In this animation, the red is the true underlying signal, and the blue points are the data, initially sampled fewer than twice per cycle. See how the undersampled data still look sinusoidal, just with a lower frequency? The peak that appears below the Nyquist limit is the lowest-frequency interpretation of the data, but there is actually an infinite set of specific higher frequencies that could also potentially explain the data. As the sampling rate is increased, the Nyquist frequency that I compute the periodogram out to increases. The peak bounces around basically as an optical illusion until it settles down when its intrinsic frequency is below the Nyquist. See this post for more detail about Nyquist aliasing: Nyquist analysis and the pyquist module.

Of course, we generally cannot change our time sampling in the analysis stage as shown in the animation. Instead, it is best to evaluate the fastest potential timescale of variation that could be in your data and to design the data acquisition to collect the data at a rate at least twice as fast. If sufficiently rapid sampling to ensure signals are below the Nyquist frequency is not practical, then the interpretation of the data should include considerations that the intrinsic frequencies may be above the Nyquist.

Aliasing from gaps in the data

In Nyquist aliasing (above), a single signal in the time series could be interpreted as having one of a number of discrete underlying signal frequencies (aliases) because of the how the data are sampled. When there are gaps in the time series data, this also can produce a discrete set of aliases for the underlying frequency because of uncertainty about exactly how many periods of variation were missed when you weren’t collecting data. When you have large gaps in the data, each individual sinusoidal signal will show up as a comb of frequencies, each representing a potential explanation for the observations that were collected. The animation below shows the best-fit sinusoid matching each of the tallest alias peaks, and you see that the model phases up to the collected data, but with different numbers of cycles in between the two sets of observations.

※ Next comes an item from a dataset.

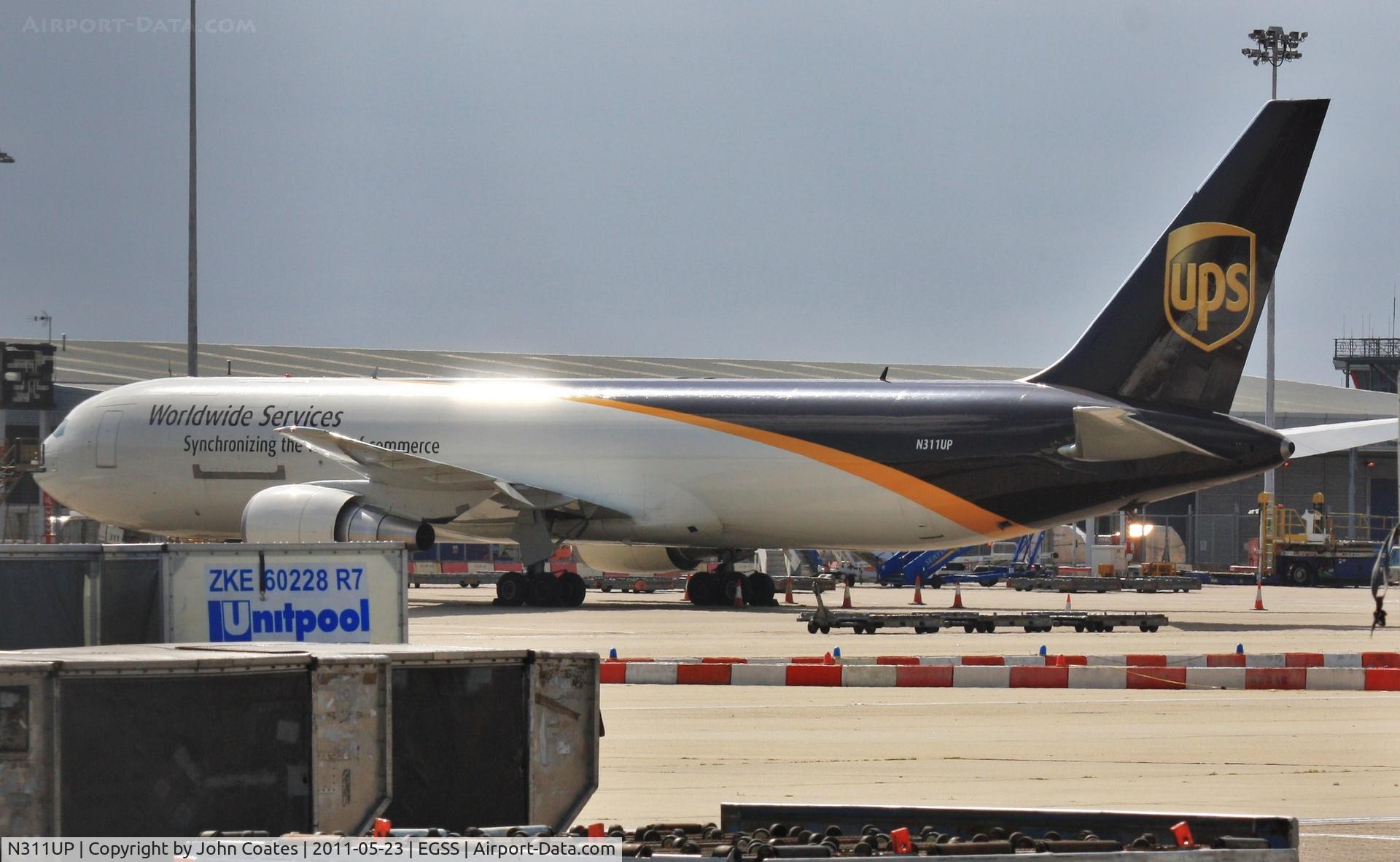 N311UP, 1996 Boeing 767-34AF C/N 27741, Cargo Apron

This is a situation that comes up often in astronomy, where observations may be collected from a telescope for a while when a target is observable in the night sky, and then again the next night, with a gap in the intervening daytime. The spacing between the peaks in the comb is \(1/(\Delta T)\), where \(\Delta T\) is the spacing between sets of observations on either side of the gap. The broader envelope that these peaks fall within is the sinc function corresponding to the duration of the individual, continuous sets of observations. With gaps in noisy data, there is great risk of choosing the wrong alias, fitting a sinusoid with small formal uncertainties on signal frequency, and being completely wrong. All statistically viable aliases should be considered.

Final thoughts

Real data sets can be much more complicated than the simple examples here, but can mostly be understood by extending the intuition that these examples provide. Of course, this doesn’t capture everything, especially that not all signals are coherent, unwavering sinusoids.

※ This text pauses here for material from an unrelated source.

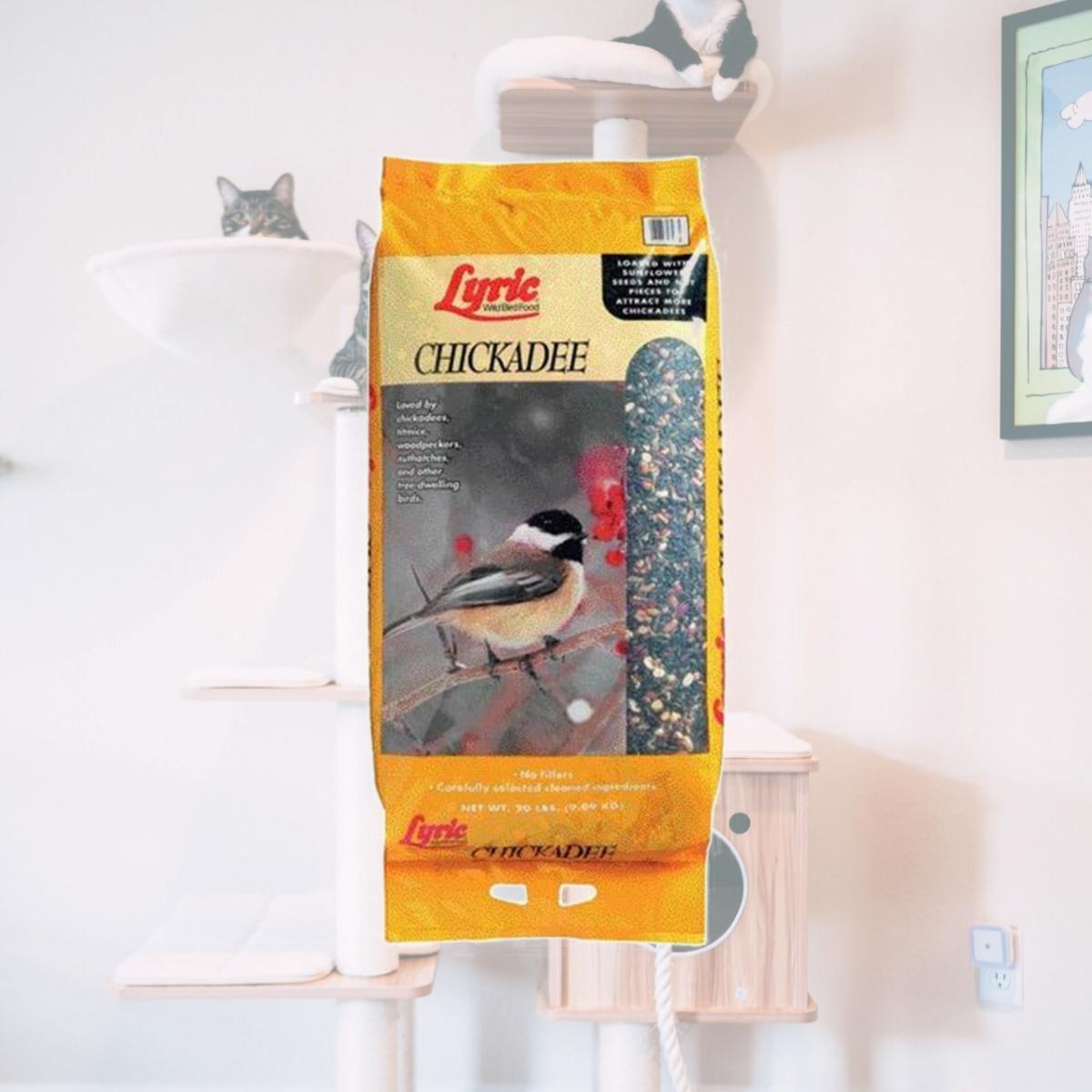 Picture of Greenview Lyric - Lyric Chicadee Food 20 Pound - 26-47287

These graphical examples demonstrate consequences of the convolution theorem for the Fourier transform, which states that products in the time domain are convolutions in the frequency domain. A data set is a product of the underlying signal and the sampling function (called the window function—a record of when observations were made). This is why the details of how the observations are distributed in time affect the resulting periodogram so much, and planning the observations to produce an interpretable periodogram is a critical aspect of experimental design. The Fourier transform of the window function produces the so-called spectral window. It is always worth inspecting the spectral window of your data to understand what signals will look like in the periodogram and what kind of aliasing can be expected.